Pasting below my routine code:

Code: Select all

$INCLUDE DSINCLUDE JOBCONTROL.H

      RowInput=0
      RowLoaded=0
      RowReject=0
      Status1='Failure'

      JobHandle = DSAttachJob (JobName, DSJ.ERRFATAL)

      Status=DSGetJobInfo (JobHandle, DSJ.JOBSTATUS)

      StatA=Status

      If (Status=DSJS.RUNOK or Status=DSJS.RUNWARN) Then

* The following worked in isolation but not from sequence, so commented

* RowInput=DSGetLinkInfo (JobHandle, "Source", "In", DSJ.LINKROWCOUNT)
* RowLoaded=DSGetLinkInfo (JobHandle, "Target", "Out", DSJ.LINKROWCOUNT)
* RowReject=DSGetLinkInfo (JobHandle, "Reject", "Rej", DSJ.LINKROWCOUNT)
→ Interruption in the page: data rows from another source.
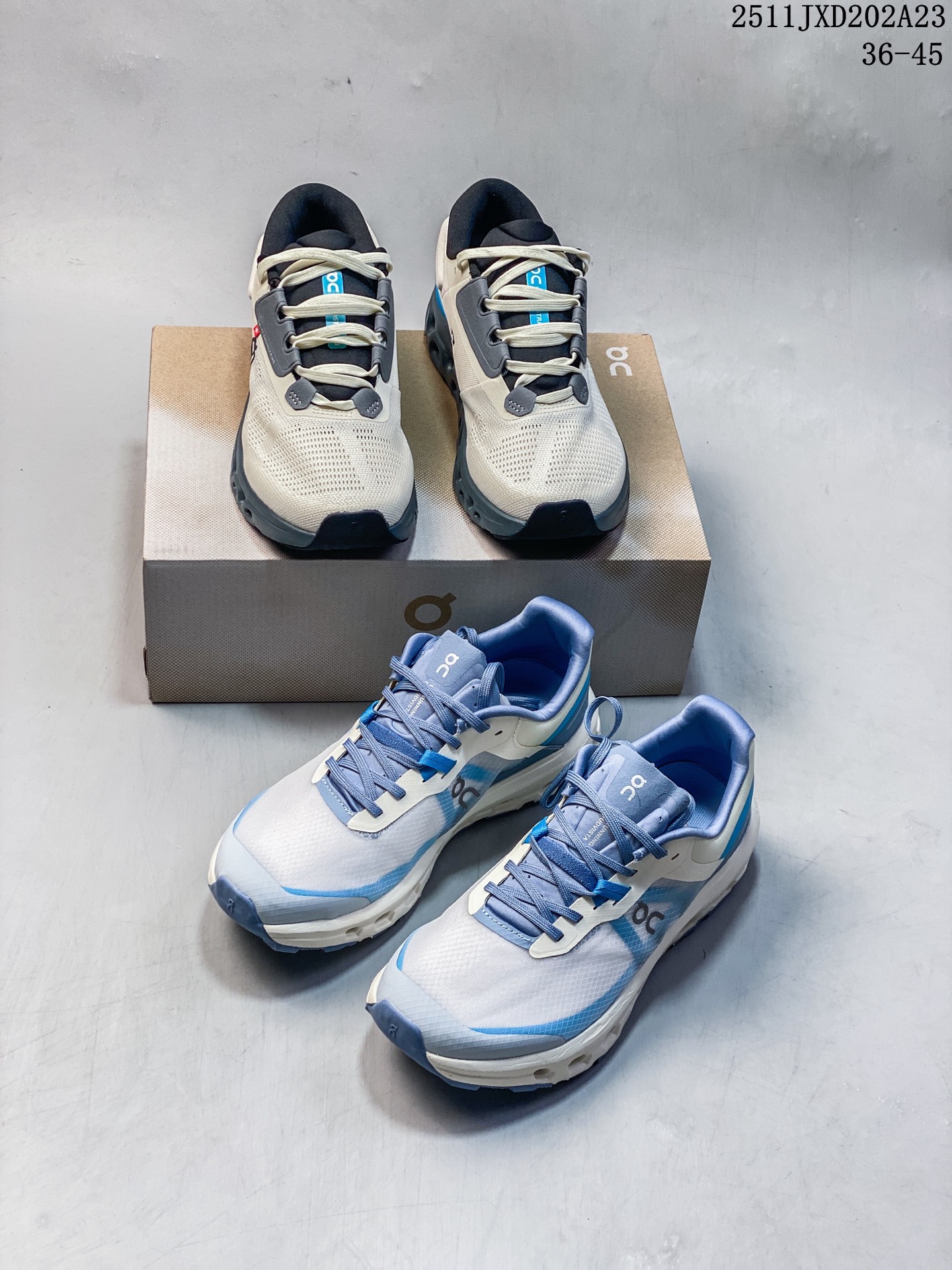 🈴️💰160
公司级✅On昂跑 Cloudstratus 3 户外街头机能风新兴品牌轻便低帮跑步鞋
首发实拍鞋款以网球为灵感的运动休闲鞋 大胆的复古外观与革新科技融合 助力运动生活的活力探索
尺码:36-45
11JXD202A23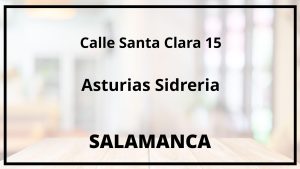 Asturias Sidreria - Salamanca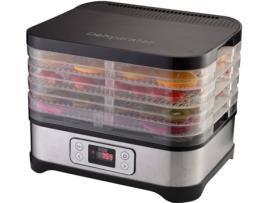 Desidratador de Alimentos KITCHEN MOVE Manhattan (250 W - Preto)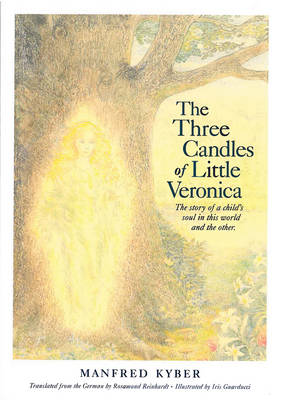 Book cover for The Three Candles of Little Veronica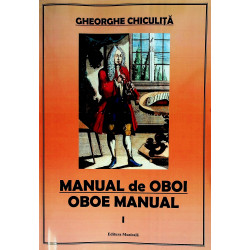 Manual de oboi. Editie...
* The following part of the code incorporates the same logic as being done by the above 3 lines i.e. fetching row counts
* It gets the counts from the log rather than from the job or link status
* In case the above logic works in all cases, the below following part of code (till the next comment) can be removed

         EventId = DSGetNewestLogId(JobHandle, DSJ.LOGINFO)
         Loop
            EventDetail = DSGetLogEntry(JobHandle, EventId)
         Until EventId<>0 And Index (EventDetail, "Stage statistics", 1)<>0 Do
            EventId = EventId-1
         Repeat

         If EventId <> 0 Then

            Event=''
            For i = 1 To Len(EventDetail)
               temp=Seq(EventDetail [i,1])
               If temp > 127 Then Event=Event:"#" Else Event=Event:EventDetail [i,1]
            Next i

            Status1='Success'

            For i = 1 To Count (Event, "#") + 1
               LogMsg=Field (Event, "#", i)
               Cnt=Field (LogMsg, " ", 1)
               If Index (LogMsg, " In", 1) <> 0 Then RowInput=Int(Cnt)
               If Index (LogMsg, " Out", 1) <> 0 Then RowLoaded=Int(Cnt)
               If Index (LogMsg, " Rej", 1) <> 0 Then RowReject=Int(Cnt)
            Next i

         End

* End of logic for fetching row counts

      End

      Errcode=DSDetachJob (JobHandle)

* Setup JobCobtrol, run it, wait for it to finish, and test for success

      hJob1 = DSAttachJob ("JobCobtrolTable.":JobId, DSJ.ERRFATAL)
      If NOT(hJob1) Then
         Call DSLogFatal("Failed to attach Control Job", "JobControl")
         Ans = 1
         Abort
      End

      Status = DSGetJobInfo (hJob1, DSJ.JOBSTATUS)
      If Status = DSJS.RUNFAILED Or Status = DSJS.CRASHED Then
         ErrCode = DSRunJob(hJob1, DSJ.RUNRESET)
         ErrCode = DSWaitForJob (hJob1)
         ErrCode = DSDetachJob (hjob1)
         hJob1 = DSAttachJob ("JobCobtrolTable.":JobId, DSJ.ERRFATAL)
      End

      paramerr = DSSetParam (hJob1, "JobId", JobId)
      paramerr = DSSetParam (hJob1, "JobName", JobName)
      paramerr = DSSetParam (hJob1, "Status1", Status1)
      paramerr = DSSetParam (hJob1, "InRows", RowInput)
      paramerr = DSSetParam (hJob1, "OutRows", RowLoaded)
      paramerr = DSSetParam (hJob1, "RejRows", RowReject)

      ErrCode = DSRunJob(hJob1, DSJ.RUNNORMAL)
      ErrCode = DSWaitForJob(hJob1)

      Status = DSGetJobInfo(hJob1, DSJ.JOBSTATUS)
      If Status = DSJS.RUNFAILED Or Status = DSJS.CRASHED Then
* Fatal Error - No Return
         Call DSLogFatal("Control Job Failed", "JobControl")
         Ans = 1
         Abort
      End
      Ans=0

Re: Sequence and its routine...

Posted: Tue Apr 20, 2010 3:41 am
by priyadarshikunal
sinhasaurabh014 wrote:

Code: Select all

         EventId = DSGetNewestLogId(JobHandle, DSJ.LOGINFO)
         Loop
            EventDetail = DSGetLogEntry(JobHandle, EventId)
         Until EventId<>0 And Index (EventDetail, "Stage statistics", 1)<>0 Do
            EventId = EventId-1
         Repeat

         If EventId <> 0 Then
I am a bit worried about this section especially the condition in until, put a max number of iterations to make and see if it helps.

like define i=1 before the loop and after EventId = EventId-1 put

Code: Select all

i=i+1
If i>100 then exit
and see if it helps.

Posted: Tue Apr 20, 2010 6:26 am
by chulett
Try turning off the auto-purge for the jobs in question, see if that helps. There are some known 'issues' with auto-purge and MI jobs.